A blue moon hung over Maine Road last night as Manchester City produced that rarest of results for any side managed by Kevin Keegan – a goalless draw.
"We are either very, very good or very bad," the City manager had said of his side's season thus far. Yesterday evening they were simply mediocre, facing a Sheffield United side that possessed no ambitions higher than a draw, even when Kevin Horlock's sending off for diving (one of seven yellow cards) gave them a one-man advantage. Indeed, during that 24 minutes, Shaun Goater, who earlier had been denied by the post, twice came close to scoring and might have won a penalty had Shaun Murphy's tug on his shirt been spotted.
It was perhaps inevitable after all the attack-laden statistics that surrounded City – their last seven games have produced a goal every 18 minutes – that much of this match should be such a desert of miserably unfocused play.

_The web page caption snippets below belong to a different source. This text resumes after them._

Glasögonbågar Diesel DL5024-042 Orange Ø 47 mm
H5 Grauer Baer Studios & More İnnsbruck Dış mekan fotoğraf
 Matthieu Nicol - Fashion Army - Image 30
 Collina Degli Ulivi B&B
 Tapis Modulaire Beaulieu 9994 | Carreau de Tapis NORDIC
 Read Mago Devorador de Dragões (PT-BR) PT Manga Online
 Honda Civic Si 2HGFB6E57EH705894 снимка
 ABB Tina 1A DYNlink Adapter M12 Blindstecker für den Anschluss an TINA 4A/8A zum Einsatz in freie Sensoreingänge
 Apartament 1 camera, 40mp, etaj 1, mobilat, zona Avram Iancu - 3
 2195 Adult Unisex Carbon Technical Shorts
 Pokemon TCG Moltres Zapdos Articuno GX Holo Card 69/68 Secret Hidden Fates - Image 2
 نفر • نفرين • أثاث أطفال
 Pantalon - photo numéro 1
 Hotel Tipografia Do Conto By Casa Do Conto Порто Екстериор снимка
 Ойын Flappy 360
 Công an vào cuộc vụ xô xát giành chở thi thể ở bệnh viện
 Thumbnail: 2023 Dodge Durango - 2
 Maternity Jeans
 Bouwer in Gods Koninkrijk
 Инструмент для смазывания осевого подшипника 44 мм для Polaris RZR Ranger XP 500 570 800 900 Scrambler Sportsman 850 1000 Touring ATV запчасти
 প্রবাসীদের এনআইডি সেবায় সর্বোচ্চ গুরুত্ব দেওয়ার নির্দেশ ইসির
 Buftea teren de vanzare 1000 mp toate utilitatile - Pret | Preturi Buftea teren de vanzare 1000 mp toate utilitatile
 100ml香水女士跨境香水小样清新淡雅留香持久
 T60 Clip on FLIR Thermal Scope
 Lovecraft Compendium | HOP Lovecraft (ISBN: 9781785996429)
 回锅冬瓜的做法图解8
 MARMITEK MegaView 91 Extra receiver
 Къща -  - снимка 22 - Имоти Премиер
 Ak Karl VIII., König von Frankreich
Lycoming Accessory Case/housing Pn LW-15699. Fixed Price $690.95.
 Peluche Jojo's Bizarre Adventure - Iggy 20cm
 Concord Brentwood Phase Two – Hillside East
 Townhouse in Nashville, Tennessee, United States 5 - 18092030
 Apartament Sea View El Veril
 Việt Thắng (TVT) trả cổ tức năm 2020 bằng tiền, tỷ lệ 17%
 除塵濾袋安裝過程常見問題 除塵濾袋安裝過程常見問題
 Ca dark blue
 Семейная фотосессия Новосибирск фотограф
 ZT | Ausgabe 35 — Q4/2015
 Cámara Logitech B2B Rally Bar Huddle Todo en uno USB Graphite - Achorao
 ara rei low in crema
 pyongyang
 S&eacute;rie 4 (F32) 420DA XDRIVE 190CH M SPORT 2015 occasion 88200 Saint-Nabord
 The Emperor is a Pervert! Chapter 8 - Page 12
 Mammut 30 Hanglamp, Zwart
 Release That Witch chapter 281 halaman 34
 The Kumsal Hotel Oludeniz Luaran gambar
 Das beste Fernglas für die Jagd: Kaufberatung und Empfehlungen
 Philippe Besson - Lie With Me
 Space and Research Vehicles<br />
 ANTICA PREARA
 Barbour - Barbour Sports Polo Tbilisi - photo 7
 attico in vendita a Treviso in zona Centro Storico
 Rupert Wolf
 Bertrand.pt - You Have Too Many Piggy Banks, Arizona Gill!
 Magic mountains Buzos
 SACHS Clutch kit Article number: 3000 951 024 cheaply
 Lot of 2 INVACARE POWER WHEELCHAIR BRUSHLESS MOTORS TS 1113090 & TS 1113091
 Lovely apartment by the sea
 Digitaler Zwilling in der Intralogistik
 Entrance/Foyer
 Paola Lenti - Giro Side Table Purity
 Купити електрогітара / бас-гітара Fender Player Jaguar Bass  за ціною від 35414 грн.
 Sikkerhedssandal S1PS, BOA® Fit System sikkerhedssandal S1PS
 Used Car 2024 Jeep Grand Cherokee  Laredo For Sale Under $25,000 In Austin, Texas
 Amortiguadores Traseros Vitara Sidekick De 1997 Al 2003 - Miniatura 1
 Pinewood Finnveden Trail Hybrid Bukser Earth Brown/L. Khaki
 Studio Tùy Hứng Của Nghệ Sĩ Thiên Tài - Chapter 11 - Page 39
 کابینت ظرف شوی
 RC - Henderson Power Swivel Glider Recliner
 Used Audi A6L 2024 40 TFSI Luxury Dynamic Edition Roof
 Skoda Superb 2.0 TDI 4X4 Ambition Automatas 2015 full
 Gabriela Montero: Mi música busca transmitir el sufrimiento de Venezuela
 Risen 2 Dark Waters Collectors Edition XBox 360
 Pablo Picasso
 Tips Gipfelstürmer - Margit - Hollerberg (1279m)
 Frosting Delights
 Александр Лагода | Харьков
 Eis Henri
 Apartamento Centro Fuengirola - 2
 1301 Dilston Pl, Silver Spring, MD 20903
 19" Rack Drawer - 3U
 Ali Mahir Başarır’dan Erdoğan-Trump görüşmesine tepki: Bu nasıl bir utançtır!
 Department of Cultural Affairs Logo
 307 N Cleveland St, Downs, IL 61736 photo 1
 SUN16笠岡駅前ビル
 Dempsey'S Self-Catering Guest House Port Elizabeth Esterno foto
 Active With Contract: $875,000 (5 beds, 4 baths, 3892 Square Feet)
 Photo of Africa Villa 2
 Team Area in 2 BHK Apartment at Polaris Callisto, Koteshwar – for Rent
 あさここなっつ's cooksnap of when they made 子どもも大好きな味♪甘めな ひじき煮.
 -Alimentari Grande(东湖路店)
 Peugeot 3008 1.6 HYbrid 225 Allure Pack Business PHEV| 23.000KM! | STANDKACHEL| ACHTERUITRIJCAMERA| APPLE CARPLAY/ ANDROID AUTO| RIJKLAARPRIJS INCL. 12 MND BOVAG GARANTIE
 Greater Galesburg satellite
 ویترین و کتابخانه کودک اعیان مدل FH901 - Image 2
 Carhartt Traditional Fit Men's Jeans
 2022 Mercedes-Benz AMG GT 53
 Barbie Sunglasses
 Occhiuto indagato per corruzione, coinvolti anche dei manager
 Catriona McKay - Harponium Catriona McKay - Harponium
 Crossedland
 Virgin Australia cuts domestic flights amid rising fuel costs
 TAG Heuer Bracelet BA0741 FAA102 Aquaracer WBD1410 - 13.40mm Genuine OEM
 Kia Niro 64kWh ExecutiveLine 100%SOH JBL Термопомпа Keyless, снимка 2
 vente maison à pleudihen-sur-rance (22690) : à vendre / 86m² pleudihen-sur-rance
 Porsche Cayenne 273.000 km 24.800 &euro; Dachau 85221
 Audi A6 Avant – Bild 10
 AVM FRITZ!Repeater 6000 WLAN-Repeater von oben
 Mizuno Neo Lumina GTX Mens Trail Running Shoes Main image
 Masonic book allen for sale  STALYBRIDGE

The highlight of the first half was the booking of Carl Asaba for diving. As the United striker, who had been injured while flinging himself to the ground, writhed near the touchline before being eased on to a stretcher, the referee, Steve Bennett, waited solicitously by his side, a yellow card theatrically brandished behind his back. All in all, Bennett booked five before the interval, although Kevin Horlock probably deserved red for the clumsiest of hacks on Peter Ndlovu.
Perhaps it was because this match was such a peculiar mix of styles that it failed to spark. A team that, until Saturday, had not drawn a single match was pitched against one that had drawn six of their first seven and were quite intent on taking a single point from this one.
Manchester City attempted to use the width provided by Danny Tiatto and the guile of Ali Bernabia but their passing was sometimes hopelessly astray and, instead of a goal every 20 minutes or so, Maine Road had to settle for a yellow card being brandished every nine.
Although United's defence was rarely tested, it seldom looked secure. In the 35th minute, Tiatto finally broke free down the left, fed Bernabia, whose cross was met by the stooping figure of Goater, who would have scored his 15th of the season but for the post.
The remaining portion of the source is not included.